English solicitor and ornithologist (1810–1880)

Edward Hearle Rodd (17 March 1810 – 25 January 1880), ornithologist, born at the vicarage of St Just in Roseland, Cornwall, England on 17 March 1810, was the third son of Edward Rodd, D.D. (1768–1842), by his wife Harriet, (1779–1855) daughter of Charles Rashleigh, of Duporth, Cornwall.

==Life==
He was educated at Ottery St Mary school, and trained for the law, being admitted to practise as a solicitor in Trinity term 1832. In January 1833 he settled at Penzance, where he entered into partnership with George Dennis John.

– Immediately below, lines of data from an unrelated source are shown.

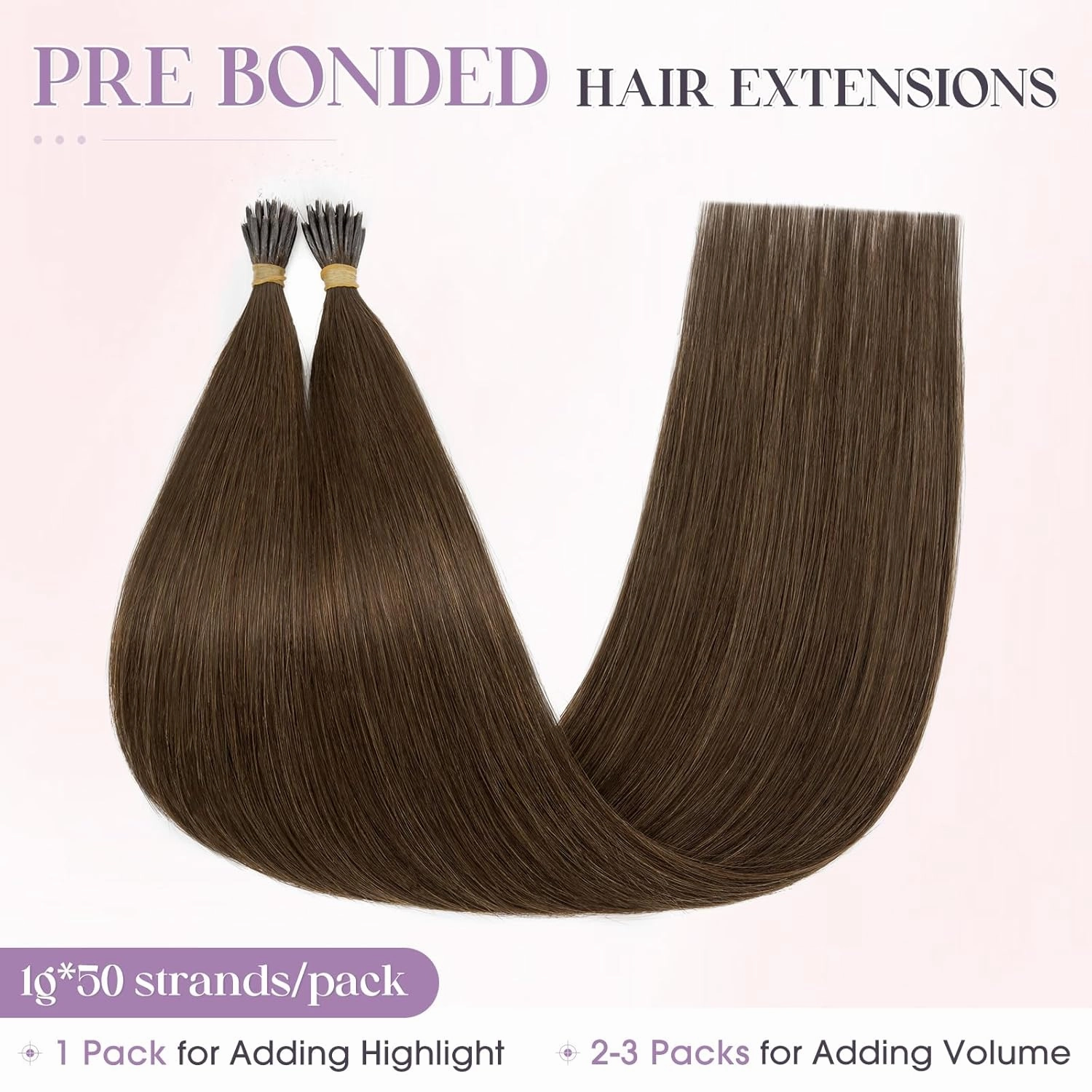 Elailite I Tip Hair Extensions Human Hair Elastic Itip Real Remy Hair Dark Brown 20 Inch 50G 50Strands Straight Pre Bonded Keratin Fusion Human Hair Extensions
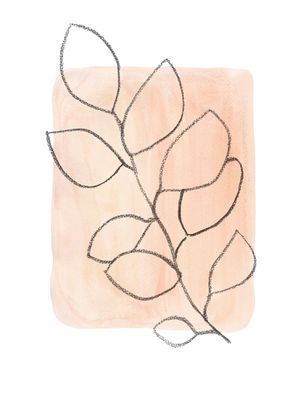 LEAF IN WATERCOLOR SQUARE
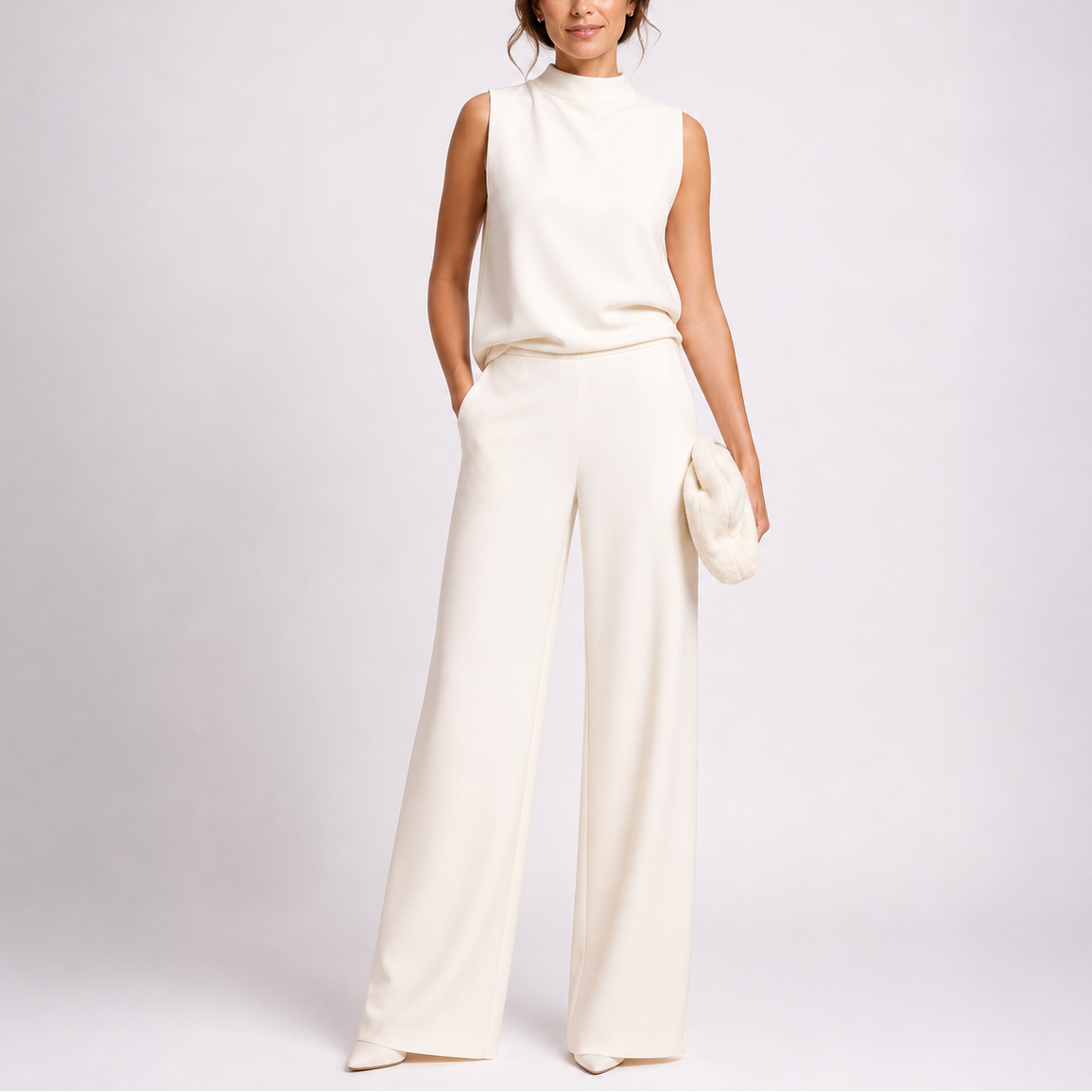 Larkin | Women's Sleeveless High Neck Wide-Leg Jumpsuit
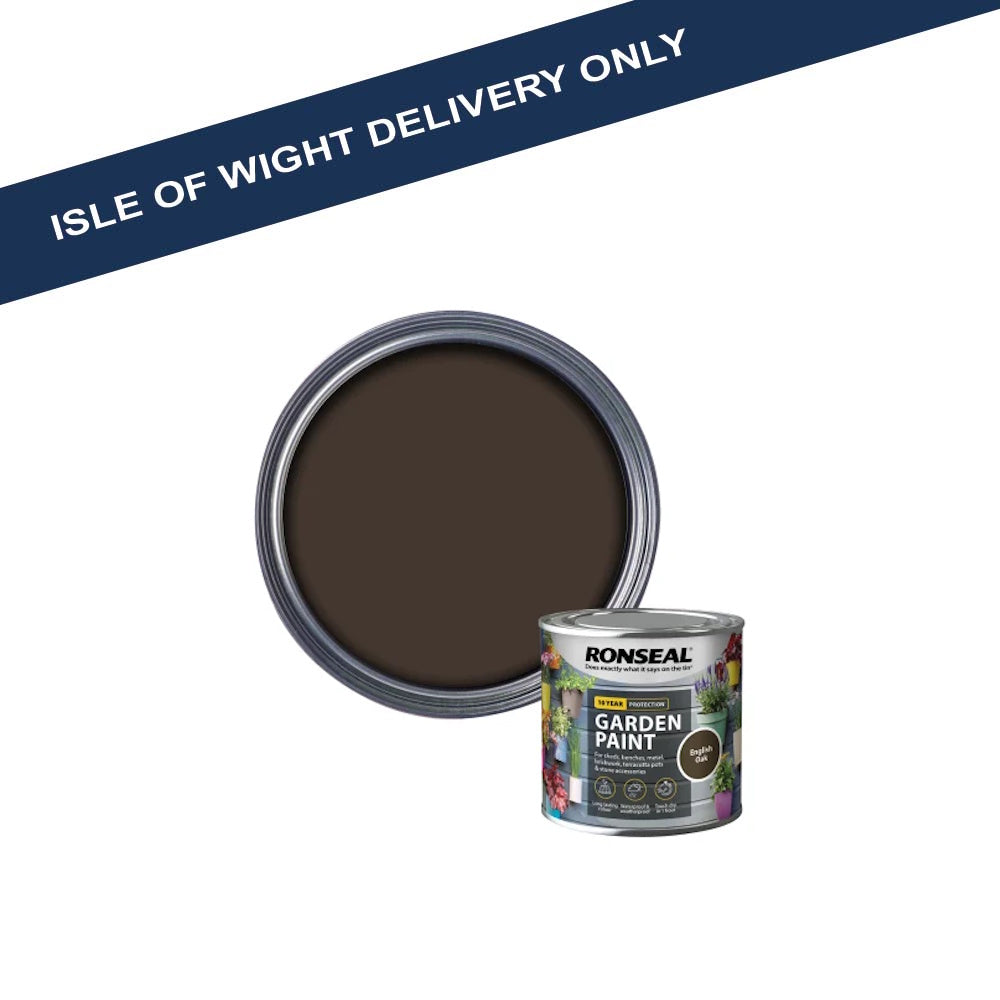 Ronseal Garden Paint 250ml – English Oak - RSLGPEO250 Outdoor Wood Paints Toolbank Ltd (NMBS) Brand_Ronseal CarlR Collections_Exterior Paints Collections_Specialist Paints Exterior Paints Garden Gardening iowonly Product Type_Outdoor Wood Paints Ronseal Specialist Paints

On John's death in 1847 Messrs John and Rodd became John, Rodd and Darke and after the latter's death the firm became Rodd & Cornish. He had also held many official posts in the town. He was town clerk from 1847, clerk to the local board from 1849, clerk to the Board of Guardians from the passing of the Poor Law Amendment Act 1834, and superintendent registrar, besides being head distributor of stamps in Cornwall from 1844 to 1867. Rodd retired about 1878 leaving the practice to Thomas Cornish.

He died unmarried at his home, 4 South Parade, Penzance on 25 January 1880, and was buried in St Clare Cemetery, between Penzance and Heamoor.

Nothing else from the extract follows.